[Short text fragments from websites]
----

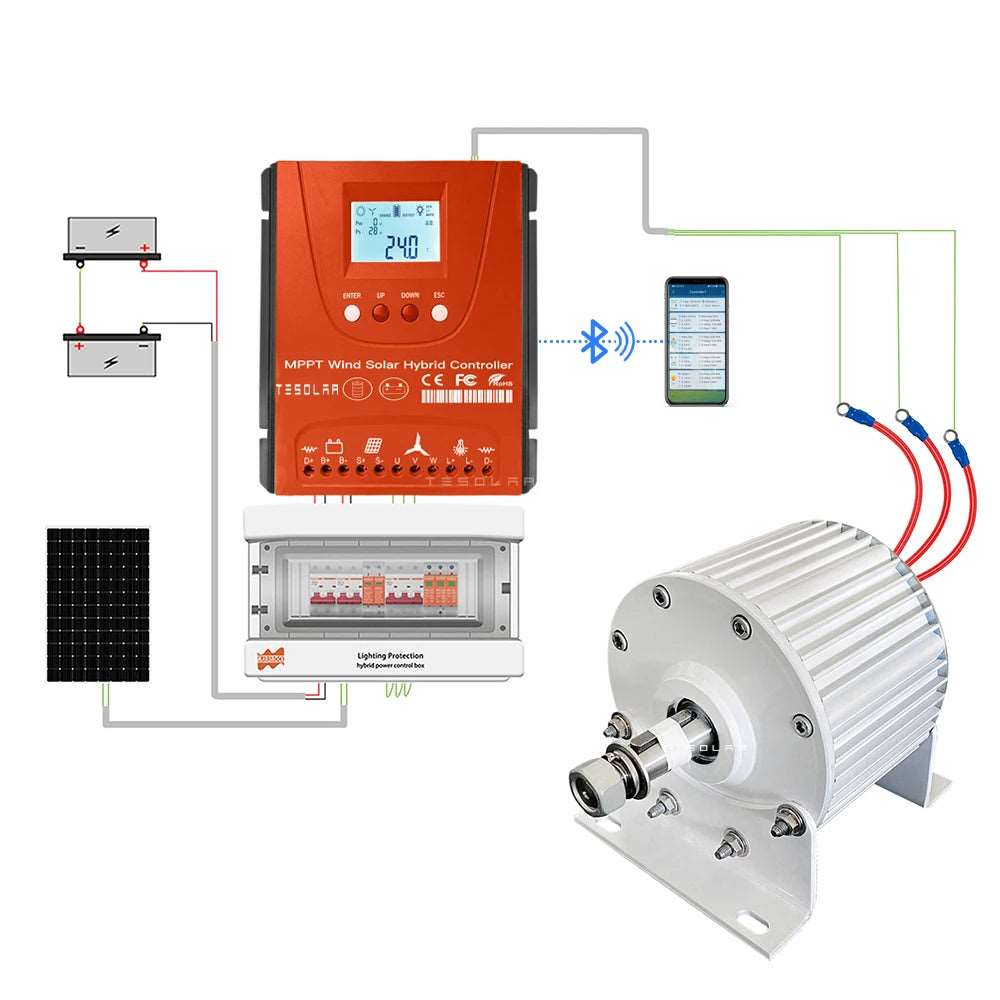 1000W, 1.2 & 1.5kw Hybrid MPPT Controller Wi-Fi power control unit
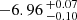 $ -6.96 \,^{+0.07}_{-0.10} $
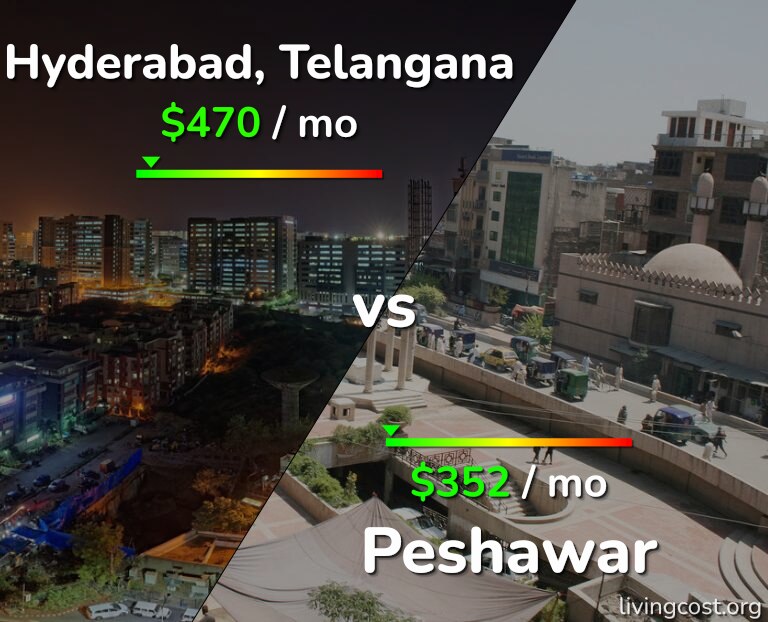 Cost of living in Hyderabad, India vs Peshawar infographic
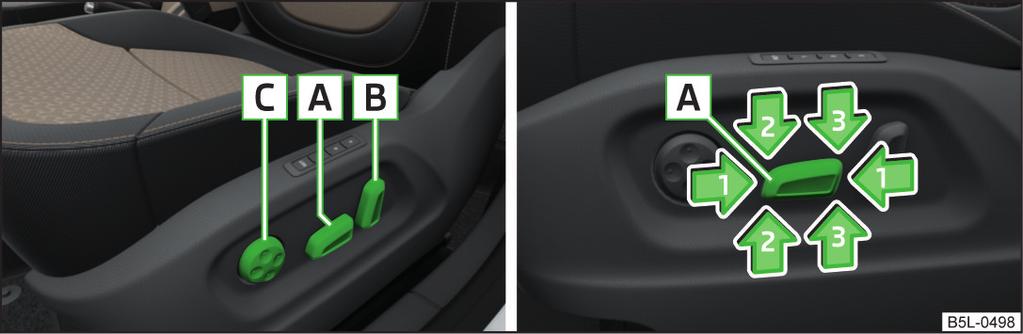 Regolazione elettrica dei sedili anteriori Regolazione dell'altezza del cuscino del sedile Premere l'interruttore A in direzione di una delle frecce 3» fig. 40.
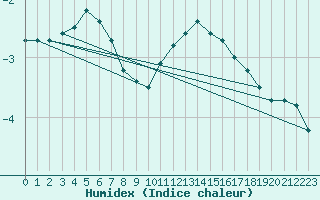 Courbe de l'humidex pour Saint-Laurent-du-Pont (38)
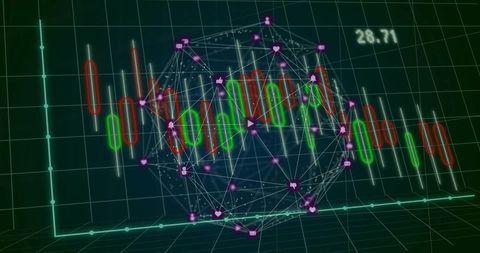 Digital Complexity Unveiled in 3D Financial Analytics Sphere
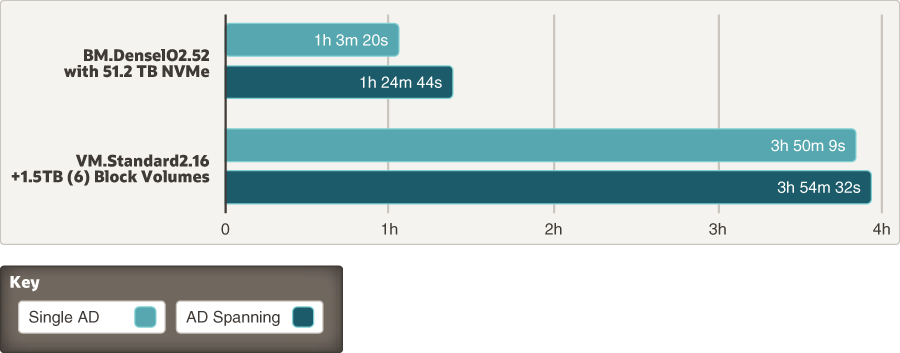 Description of comparison-availability-domain-spanning.png follows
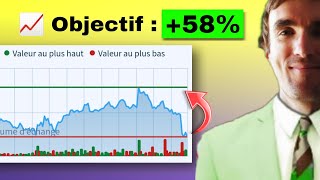 📉 👀 Action PEA à surveiller dès demain [upl. by Nolitta]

----

TASK DESCRIPTION.
Between and including the line above that contains "Cost of living" and the line that contains "Digital Complexity Unveiled", restate every line word for word. Pictures stay out.

ANSWER SPACE.
 Cost of living in Hyderabad, India vs Peshawar infographic
 Regolazione elettrica dei sedili anteriori Regolazione dell'altezza del cuscino del sedile Premere l'interruttore A in direzione di una delle frecce 3» fig. 40.
 Courbe de l'humidex pour Saint-Laurent-du-Pont (38)
 Digital Complexity Unveiled in 3D Financial Analytics Sphere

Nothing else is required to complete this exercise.